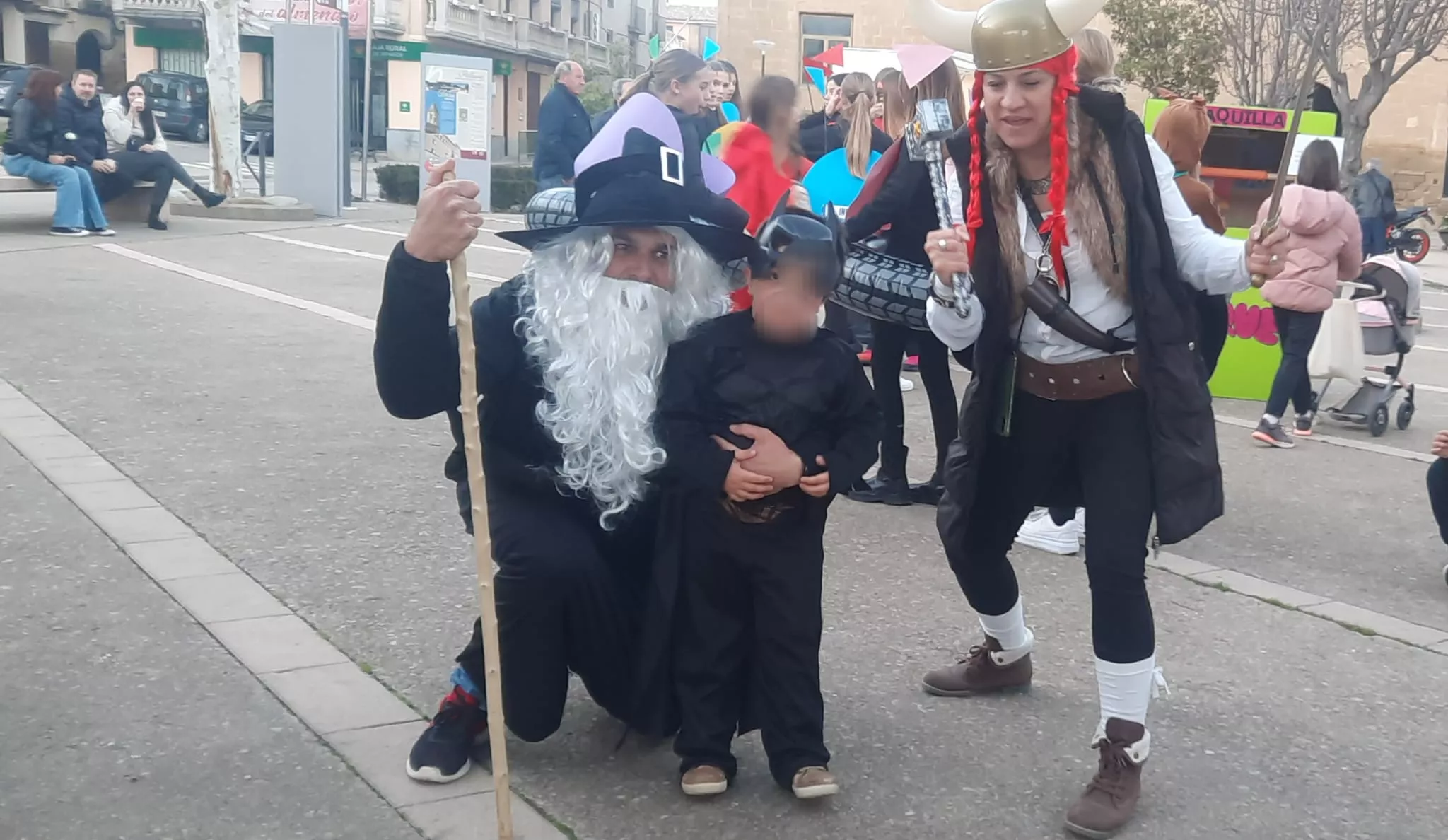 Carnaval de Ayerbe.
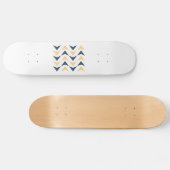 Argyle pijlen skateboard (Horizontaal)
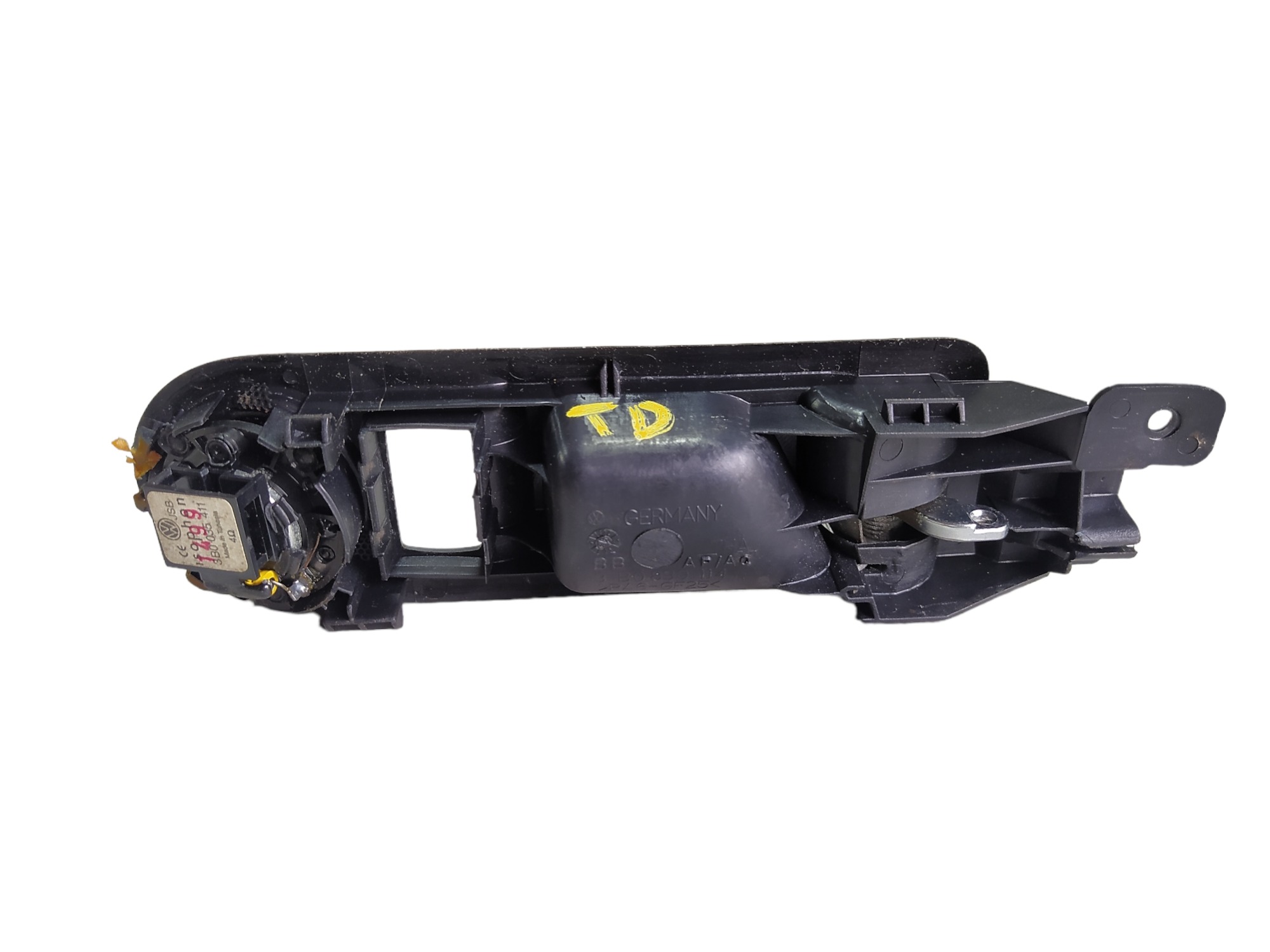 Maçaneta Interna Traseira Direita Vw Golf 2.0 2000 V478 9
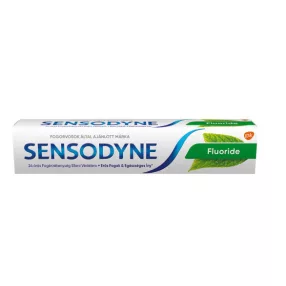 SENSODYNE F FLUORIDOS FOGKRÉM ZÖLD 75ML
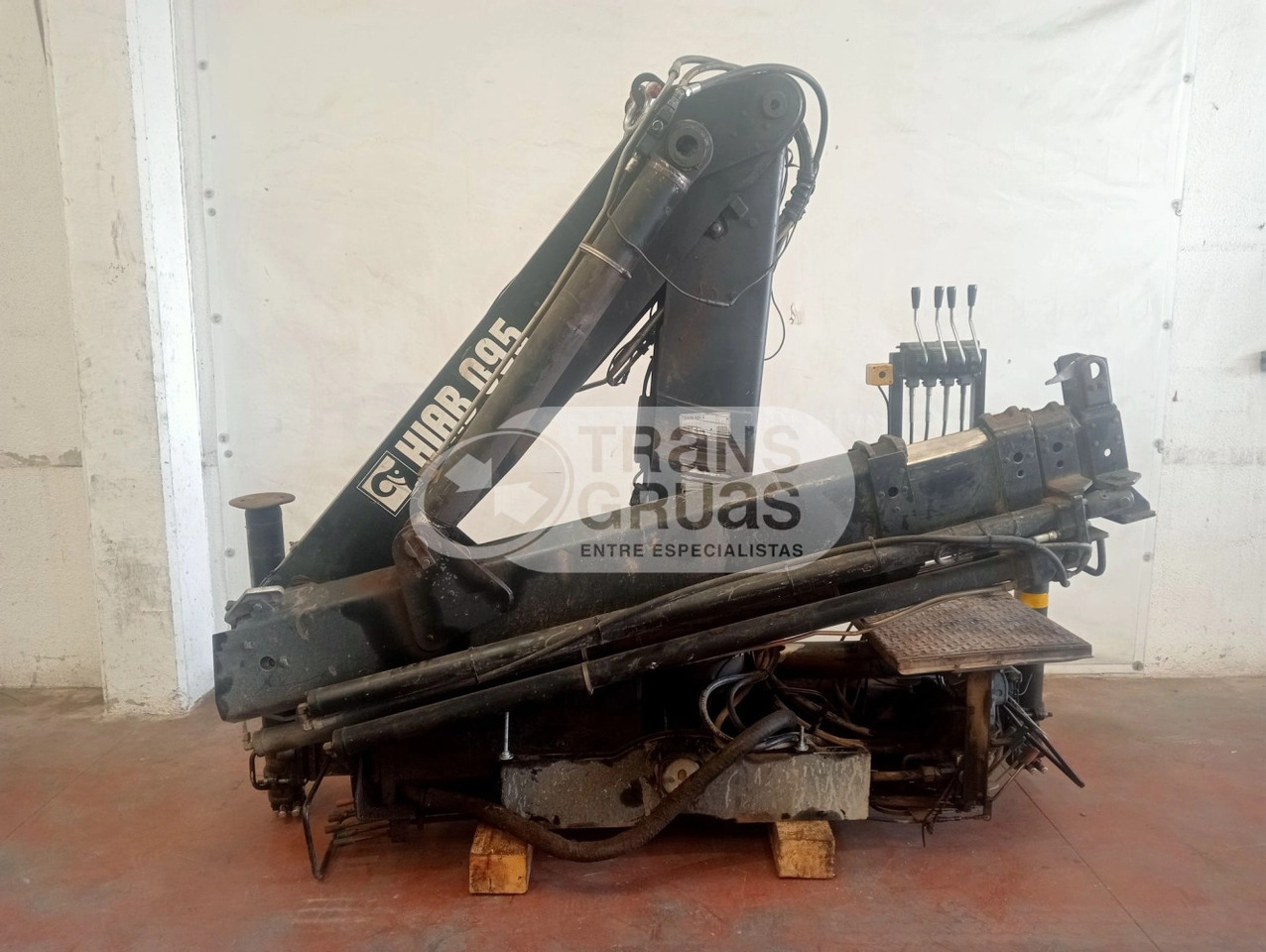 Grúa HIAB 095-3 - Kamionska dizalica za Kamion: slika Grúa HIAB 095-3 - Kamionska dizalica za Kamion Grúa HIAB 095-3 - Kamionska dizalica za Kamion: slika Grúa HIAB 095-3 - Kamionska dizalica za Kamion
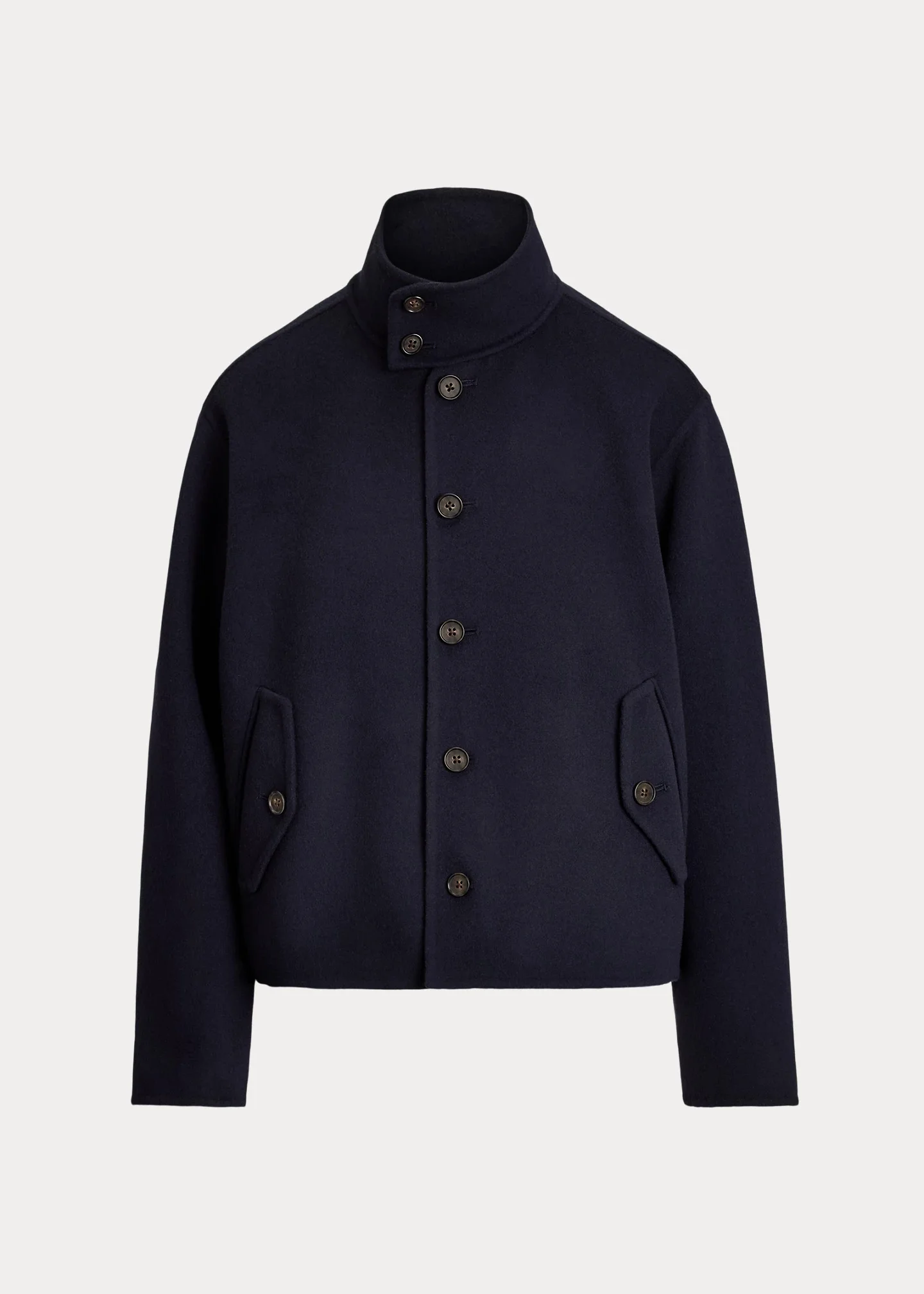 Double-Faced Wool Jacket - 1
====
**Exercise brief**: Pictures in the records must not appear in the copy; transcribe everything else precisely.

**Solution**:
 Carnaval de Ayerbe.
 Argyle pijlen skateboard (Horizontaal)
 Maçaneta Interna Traseira Direita Vw Golf 2.0 2000 V478 9
 SENSODYNE F FLUORIDOS FOGKRÉM ZÖLD 75ML
 Grúa HIAB 095-3 - Kamionska dizalica za Kamion: slika Grúa HIAB 095-3 - Kamionska dizalica za Kamion Grúa HIAB 095-3 - Kamionska dizalica za Kamion: slika Grúa HIAB 095-3 - Kamionska dizalica za Kamion
 Double-Faced Wool Jacket - 1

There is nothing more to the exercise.